September 20, 2010 at 11:56pm
We talk a lot about how important communication is. Communication within our organizations is one of the easiest, most valuable tools we have, and we don't always find a way to use it properly. Sometimes different silos guard information instead of sharing it across the organization. It is invaluable to simply take the time to explain why the work someone is doing is important. It's amazing how interactions and attitudes change toward the work people do for one another.
In 1966, Varian, Inc. was one of few vacuum instruments and vacuum products companies. Because of the industry, Varian was working on many innovative technical projects. The motto was "A man has the right to know the significance of what he's doing." Everyone at Varian knew and lived by the motto. It was plastered everywhere. It created a culture of empowerment and communication.
When the company was founded by the Varian brothers in the 1940s, they established a company with an environment of continually seeking excellence. People wanted to participate in the work, and the motivation and creative thinking came from within. The company motto pervaded everything at the company.

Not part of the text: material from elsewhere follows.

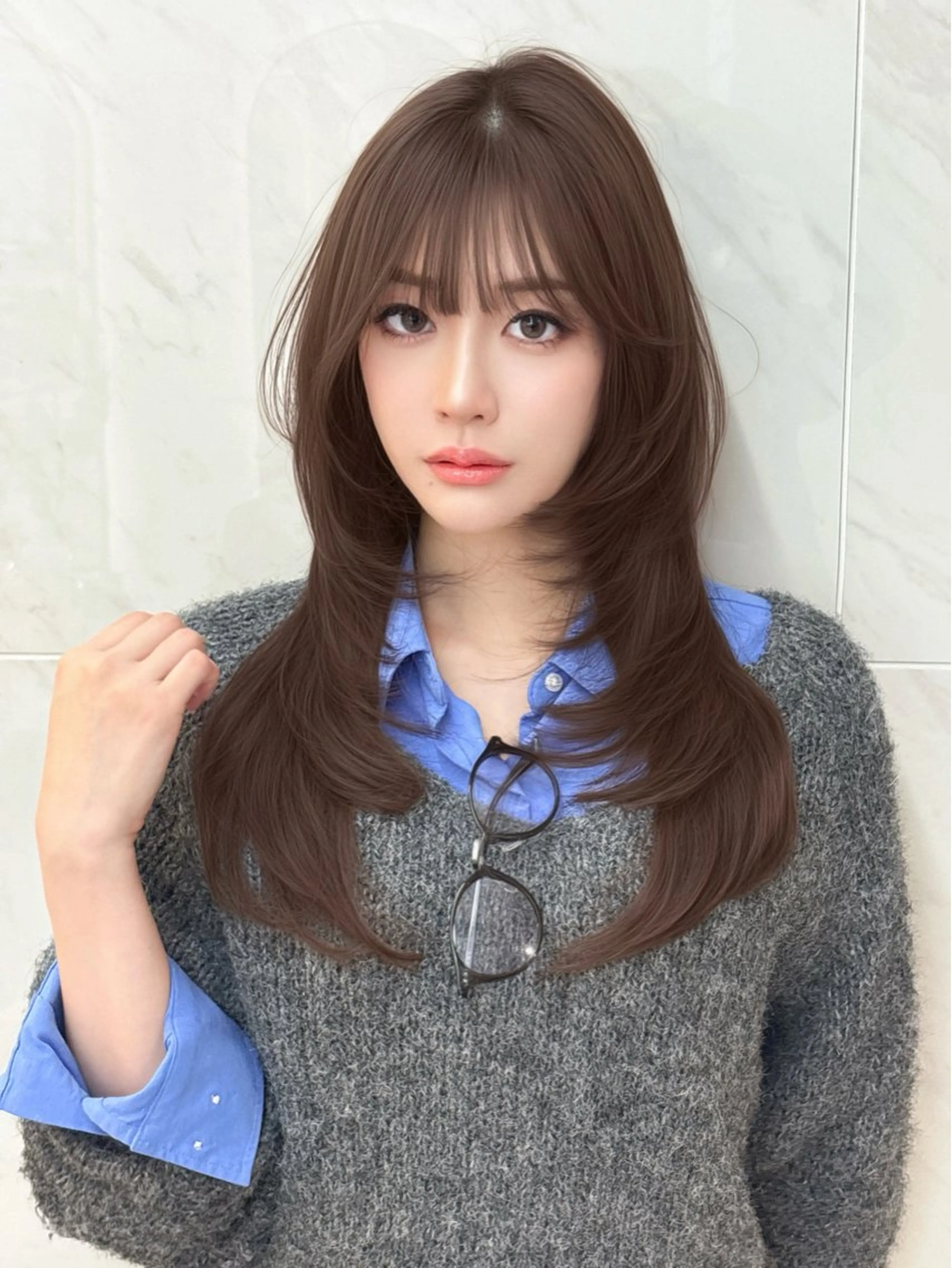 【🫧ブリーチなし🫧】トレンドハッシュカットカット✂️+ブリーチなし透明感Wカラー+スタイリング✨の写真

Key Innovations & Timeline
Because Varian was founded on achieving technical excellence, there isn't much of a timeline to record here. By the 1950s, Varian management made sure that the message of communicating to employees about the importance of their work was well-known across the firm. This was an innovation in the industry, but it wasn't an innovation at the company. Varian was simply founded on this principle.
Challenges & Solutions
One significant challenge was that project managers, researchers, and engineers were relatively unorganized. However, this meant individuals had a free hand in identifying what projects they wanted to work on. Management turned this into an opportunity to motivate employees to take on projects they found interesting and intellectually challenging.

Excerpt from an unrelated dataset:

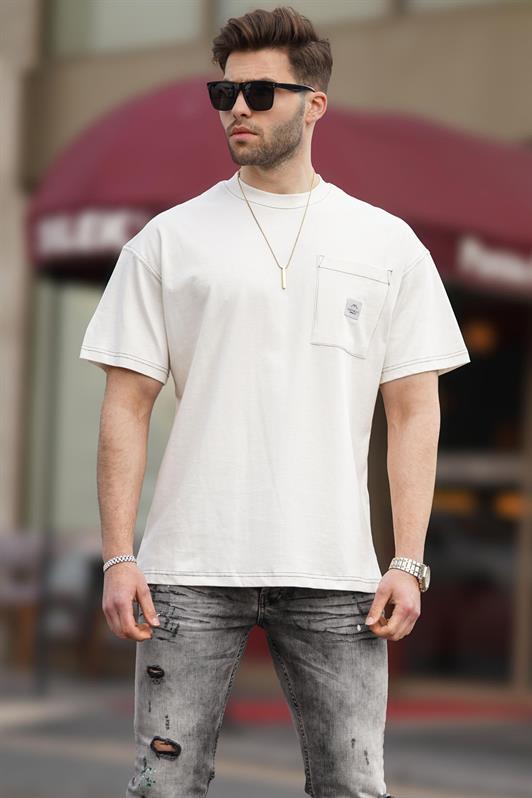 MDX Ecru Oversize Pocket Detail Men's T-shirt 7001 - West Sacramento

It was sometimes challenging to find projects for people that they found interesting. When management took time to learn about individual interests and nurture those interests, those employees became high level contributors.
Benefits & Metrics
Because of its culture, Varian became a world leader and Nobel Prize winner in the field of magnetic resonance, which became a direct path to the development of the MRI. Varian continues to have successes, and much of this success can be attributed to how they approach their work -- transparently, as a team.
Organizations don't have to be founded like Varian to establish a culture of exchanging information. When employees are trusted and empowered to work together towards shared goals, everyone becomes an owner and an important factor for success. Varian fostered goodwill, creative thinking, collaboration, and a desire to do good and meaningful work among its employees.